Dai que quando eles analisam, por exemplo, não apenas as experiências socialistas do século passado como a União Soviética, a República Popular da Mongólia, a República Popular da China, a Coréia do Norte e o Vietnã, como também o Iraque sob Saddam Hussein, a Líbia sob Muammar al-Kadaffi, o Egito sob Gamal Abdel Nasser, a Síria sob os Assad e outras, ficam muito presos à questão de direitos humanos e democracia. É, parafraseando o velho Brizola, uma esquerda que a direita gosta.

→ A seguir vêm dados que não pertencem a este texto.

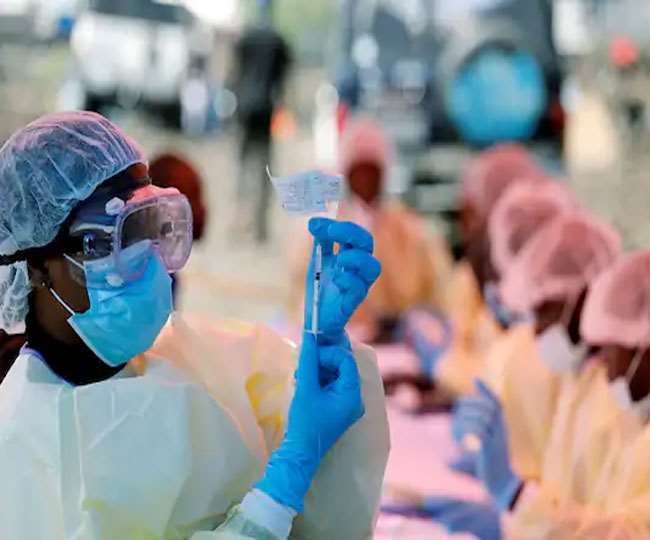 ‘Need for hightened vigil’, says govt as Maharashtra logs 5,368 COVID cases, over 1,300 new infections in Delhi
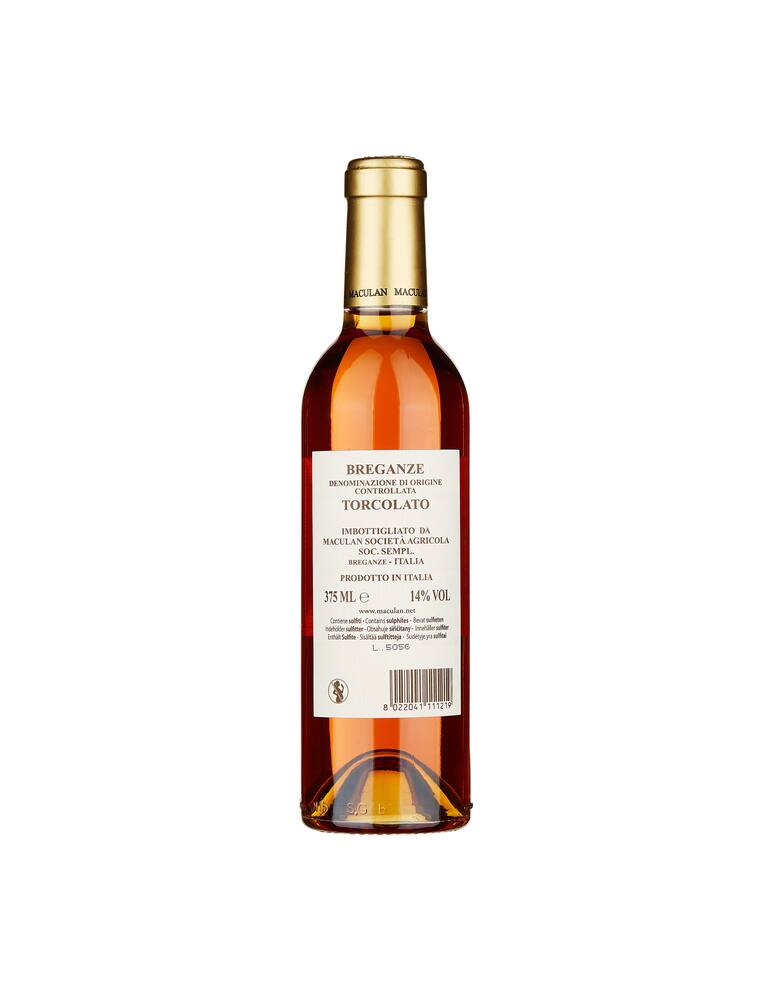 rinascente Maculan Torcolato Mezza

Lembremos que o Iraque, no tempo de Saddam Hussein, era um dos principais apoiadores da causa palestina dentro do mundo árabe. E após a morte de Nasser, pode-se dizer que o Iraque baathista era o inimigo número 1 de Israel no Oriente Médio. Também apoiou junto com Kadaffi a revolução sandinista na Nicarágua, ajudou na formação do Hezbollah ao permitir que membros da Guarda Revolucionária Iraniana atravessassem o espaço aéreo iraquiano em direção ao Líbano, em 1982. Posicionou-se a favor da independência de Porto Rico em relação aos Estados Unidos, e era aliado de Cuba. Entre tantas outras coisas.